Please return the lines below verbatim, beginning at the one that has "Ride ons horse" and stopping after the one that has "[BUNJANG] Adidas Winter", and add no other lines.

INPUT FOR THIS TASK –
--- START ---

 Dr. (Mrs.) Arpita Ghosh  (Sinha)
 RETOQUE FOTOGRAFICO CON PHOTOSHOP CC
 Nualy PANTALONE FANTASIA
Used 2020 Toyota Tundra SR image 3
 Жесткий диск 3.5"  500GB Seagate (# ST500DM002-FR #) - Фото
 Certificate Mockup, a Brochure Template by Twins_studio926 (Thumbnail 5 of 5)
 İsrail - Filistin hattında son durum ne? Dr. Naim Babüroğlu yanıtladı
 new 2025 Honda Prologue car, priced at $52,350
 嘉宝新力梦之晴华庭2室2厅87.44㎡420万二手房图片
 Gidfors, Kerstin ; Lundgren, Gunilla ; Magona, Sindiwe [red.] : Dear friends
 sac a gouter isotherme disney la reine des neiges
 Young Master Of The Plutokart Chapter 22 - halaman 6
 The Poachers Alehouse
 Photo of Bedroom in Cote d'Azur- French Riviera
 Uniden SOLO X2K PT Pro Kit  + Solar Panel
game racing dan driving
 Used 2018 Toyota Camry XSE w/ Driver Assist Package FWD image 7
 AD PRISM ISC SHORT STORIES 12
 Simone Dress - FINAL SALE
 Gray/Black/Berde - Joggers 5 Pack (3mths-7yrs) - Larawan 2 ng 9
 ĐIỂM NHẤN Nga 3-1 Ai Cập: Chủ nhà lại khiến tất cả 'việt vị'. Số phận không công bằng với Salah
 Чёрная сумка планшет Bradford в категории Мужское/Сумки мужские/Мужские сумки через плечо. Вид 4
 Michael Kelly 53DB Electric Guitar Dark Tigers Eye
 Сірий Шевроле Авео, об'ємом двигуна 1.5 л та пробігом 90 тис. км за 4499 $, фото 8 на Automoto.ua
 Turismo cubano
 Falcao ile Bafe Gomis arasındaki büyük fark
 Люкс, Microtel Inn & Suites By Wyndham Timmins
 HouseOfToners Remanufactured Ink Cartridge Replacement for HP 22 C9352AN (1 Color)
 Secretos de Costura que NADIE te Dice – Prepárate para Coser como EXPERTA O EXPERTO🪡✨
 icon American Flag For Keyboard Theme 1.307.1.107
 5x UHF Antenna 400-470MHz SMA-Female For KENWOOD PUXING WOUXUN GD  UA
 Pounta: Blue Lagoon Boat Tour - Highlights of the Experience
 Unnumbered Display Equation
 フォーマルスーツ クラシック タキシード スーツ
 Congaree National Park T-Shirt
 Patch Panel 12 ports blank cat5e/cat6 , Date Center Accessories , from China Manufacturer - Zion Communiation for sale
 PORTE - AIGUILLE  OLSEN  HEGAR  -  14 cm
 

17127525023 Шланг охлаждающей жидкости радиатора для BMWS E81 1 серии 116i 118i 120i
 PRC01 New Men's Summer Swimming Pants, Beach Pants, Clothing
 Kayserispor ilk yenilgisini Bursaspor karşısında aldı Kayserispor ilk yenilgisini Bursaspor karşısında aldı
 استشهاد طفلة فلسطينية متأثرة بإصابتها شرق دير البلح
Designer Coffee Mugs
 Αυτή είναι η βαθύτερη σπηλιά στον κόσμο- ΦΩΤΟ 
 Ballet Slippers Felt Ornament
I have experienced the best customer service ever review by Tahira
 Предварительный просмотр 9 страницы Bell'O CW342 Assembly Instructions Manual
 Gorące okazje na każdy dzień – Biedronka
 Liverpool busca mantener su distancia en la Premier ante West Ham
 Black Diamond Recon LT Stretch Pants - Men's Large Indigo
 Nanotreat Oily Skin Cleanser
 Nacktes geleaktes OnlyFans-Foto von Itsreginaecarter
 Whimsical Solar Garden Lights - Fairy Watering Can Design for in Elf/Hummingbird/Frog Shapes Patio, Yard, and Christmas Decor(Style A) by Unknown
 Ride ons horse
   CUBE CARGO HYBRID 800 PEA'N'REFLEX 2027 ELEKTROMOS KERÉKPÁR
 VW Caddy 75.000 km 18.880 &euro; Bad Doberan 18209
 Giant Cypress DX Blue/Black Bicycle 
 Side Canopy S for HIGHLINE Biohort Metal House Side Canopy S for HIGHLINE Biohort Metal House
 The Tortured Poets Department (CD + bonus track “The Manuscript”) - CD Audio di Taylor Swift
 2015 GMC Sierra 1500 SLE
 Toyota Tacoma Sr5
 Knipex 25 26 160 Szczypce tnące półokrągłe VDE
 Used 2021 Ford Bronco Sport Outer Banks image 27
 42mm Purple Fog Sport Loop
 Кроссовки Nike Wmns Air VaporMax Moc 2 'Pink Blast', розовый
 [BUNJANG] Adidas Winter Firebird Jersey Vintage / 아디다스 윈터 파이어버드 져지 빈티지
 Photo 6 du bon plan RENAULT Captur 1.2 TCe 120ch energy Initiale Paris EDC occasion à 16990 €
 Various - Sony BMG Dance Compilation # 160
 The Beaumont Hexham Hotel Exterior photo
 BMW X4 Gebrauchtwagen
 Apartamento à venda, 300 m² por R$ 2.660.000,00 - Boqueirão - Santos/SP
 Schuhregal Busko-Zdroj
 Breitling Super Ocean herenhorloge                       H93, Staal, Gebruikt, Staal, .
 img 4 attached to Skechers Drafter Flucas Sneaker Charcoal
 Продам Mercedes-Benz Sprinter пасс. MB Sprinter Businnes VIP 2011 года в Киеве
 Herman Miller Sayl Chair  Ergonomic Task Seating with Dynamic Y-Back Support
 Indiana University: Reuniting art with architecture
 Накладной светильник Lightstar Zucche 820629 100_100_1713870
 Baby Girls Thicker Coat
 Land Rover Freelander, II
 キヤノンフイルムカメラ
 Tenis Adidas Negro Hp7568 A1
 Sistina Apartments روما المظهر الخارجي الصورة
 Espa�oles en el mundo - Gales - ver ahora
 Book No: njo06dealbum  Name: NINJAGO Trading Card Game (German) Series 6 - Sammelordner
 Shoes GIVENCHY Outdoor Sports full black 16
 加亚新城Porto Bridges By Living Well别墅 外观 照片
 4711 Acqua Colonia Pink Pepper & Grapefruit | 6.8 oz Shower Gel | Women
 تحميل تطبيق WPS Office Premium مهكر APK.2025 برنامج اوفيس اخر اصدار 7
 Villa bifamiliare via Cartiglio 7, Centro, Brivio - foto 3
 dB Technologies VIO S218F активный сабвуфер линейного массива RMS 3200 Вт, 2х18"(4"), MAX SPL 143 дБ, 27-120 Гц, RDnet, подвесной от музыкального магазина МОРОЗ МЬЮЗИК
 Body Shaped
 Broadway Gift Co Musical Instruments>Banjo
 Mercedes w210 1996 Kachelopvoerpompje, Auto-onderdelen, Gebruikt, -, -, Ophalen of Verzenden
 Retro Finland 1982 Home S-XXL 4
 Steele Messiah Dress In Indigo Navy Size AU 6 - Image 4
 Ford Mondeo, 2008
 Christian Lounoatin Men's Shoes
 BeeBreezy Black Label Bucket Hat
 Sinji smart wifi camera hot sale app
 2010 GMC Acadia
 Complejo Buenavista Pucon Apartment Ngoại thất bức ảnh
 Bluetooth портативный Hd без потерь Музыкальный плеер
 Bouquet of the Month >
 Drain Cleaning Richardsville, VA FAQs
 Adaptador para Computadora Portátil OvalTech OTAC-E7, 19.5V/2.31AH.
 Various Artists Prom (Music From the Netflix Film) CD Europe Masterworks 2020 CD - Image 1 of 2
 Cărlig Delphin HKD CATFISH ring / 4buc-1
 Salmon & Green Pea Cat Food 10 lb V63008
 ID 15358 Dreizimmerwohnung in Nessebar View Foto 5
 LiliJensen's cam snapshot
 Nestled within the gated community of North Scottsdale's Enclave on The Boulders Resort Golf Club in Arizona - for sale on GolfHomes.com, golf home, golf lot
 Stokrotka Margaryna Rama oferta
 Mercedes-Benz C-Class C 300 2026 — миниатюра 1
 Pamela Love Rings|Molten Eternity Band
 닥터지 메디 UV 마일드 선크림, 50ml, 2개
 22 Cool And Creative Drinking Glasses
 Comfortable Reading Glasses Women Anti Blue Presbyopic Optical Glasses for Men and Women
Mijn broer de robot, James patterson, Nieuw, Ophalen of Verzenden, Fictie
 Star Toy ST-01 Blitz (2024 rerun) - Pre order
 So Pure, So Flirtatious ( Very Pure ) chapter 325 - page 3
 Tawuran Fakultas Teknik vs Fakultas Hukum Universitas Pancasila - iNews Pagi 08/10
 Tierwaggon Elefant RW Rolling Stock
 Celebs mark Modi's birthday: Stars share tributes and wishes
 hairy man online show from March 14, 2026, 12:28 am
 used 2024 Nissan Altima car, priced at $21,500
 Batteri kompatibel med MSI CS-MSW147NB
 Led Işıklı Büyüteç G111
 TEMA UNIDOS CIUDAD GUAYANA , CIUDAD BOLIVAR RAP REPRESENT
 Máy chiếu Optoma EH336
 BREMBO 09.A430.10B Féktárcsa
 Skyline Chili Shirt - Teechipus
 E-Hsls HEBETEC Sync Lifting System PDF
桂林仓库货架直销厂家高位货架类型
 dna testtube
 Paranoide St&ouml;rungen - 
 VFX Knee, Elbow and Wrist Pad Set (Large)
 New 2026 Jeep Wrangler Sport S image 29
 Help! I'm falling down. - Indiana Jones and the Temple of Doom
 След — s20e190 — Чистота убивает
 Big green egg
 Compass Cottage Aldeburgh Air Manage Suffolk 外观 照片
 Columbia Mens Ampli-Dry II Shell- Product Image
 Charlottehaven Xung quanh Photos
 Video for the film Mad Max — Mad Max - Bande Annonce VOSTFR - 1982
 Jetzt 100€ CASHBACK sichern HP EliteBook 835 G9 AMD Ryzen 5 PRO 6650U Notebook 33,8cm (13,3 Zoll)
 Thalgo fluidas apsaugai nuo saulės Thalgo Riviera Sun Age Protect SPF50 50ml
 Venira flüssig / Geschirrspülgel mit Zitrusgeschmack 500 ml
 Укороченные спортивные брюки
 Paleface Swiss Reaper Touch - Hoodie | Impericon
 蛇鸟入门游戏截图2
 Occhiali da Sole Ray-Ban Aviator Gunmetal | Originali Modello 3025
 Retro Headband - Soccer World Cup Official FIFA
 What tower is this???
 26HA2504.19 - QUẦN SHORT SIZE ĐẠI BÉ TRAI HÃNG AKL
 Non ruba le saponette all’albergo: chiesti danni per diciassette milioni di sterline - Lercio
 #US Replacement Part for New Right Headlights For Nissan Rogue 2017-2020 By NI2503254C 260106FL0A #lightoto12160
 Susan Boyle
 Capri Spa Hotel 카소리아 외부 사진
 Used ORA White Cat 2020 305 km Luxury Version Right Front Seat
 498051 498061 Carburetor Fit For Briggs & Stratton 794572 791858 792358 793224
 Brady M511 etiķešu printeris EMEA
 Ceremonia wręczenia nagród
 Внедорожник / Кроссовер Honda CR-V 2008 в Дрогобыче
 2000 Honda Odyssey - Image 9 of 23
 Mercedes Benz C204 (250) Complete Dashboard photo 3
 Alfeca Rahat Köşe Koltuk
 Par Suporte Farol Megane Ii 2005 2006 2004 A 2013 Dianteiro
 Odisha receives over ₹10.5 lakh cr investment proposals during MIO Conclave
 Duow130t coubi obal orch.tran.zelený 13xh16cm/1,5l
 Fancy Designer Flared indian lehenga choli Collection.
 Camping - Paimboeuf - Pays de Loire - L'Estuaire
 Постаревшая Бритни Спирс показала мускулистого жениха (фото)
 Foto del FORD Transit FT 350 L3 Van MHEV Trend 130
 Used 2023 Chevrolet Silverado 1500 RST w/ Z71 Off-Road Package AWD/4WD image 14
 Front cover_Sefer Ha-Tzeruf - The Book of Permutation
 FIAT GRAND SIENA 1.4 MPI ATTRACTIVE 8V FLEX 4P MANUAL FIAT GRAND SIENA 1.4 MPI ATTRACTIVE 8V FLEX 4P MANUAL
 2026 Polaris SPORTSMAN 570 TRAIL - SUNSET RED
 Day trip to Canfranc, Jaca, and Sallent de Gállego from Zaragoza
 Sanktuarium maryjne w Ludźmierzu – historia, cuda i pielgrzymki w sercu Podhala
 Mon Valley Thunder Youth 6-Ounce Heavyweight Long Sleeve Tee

--- END ---

REPLY TO THE TASK –
 Ride ons horse
   CUBE CARGO HYBRID 800 PEA'N'REFLEX 2027 ELEKTROMOS KERÉKPÁR
 VW Caddy 75.000 km 18.880 &euro; Bad Doberan 18209
 Giant Cypress DX Blue/Black Bicycle 
 Side Canopy S for HIGHLINE Biohort Metal House Side Canopy S for HIGHLINE Biohort Metal House
 The Tortured Poets Department (CD + bonus track “The Manuscript”) - CD Audio di Taylor Swift
 2015 GMC Sierra 1500 SLE
 Toyota Tacoma Sr5
 Knipex 25 26 160 Szczypce tnące półokrągłe VDE
 Used 2021 Ford Bronco Sport Outer Banks image 27
 42mm Purple Fog Sport Loop
 Кроссовки Nike Wmns Air VaporMax Moc 2 'Pink Blast', розовый
 [BUNJANG] Adidas Winter Firebird Jersey Vintage / 아디다스 윈터 파이어버드 져지 빈티지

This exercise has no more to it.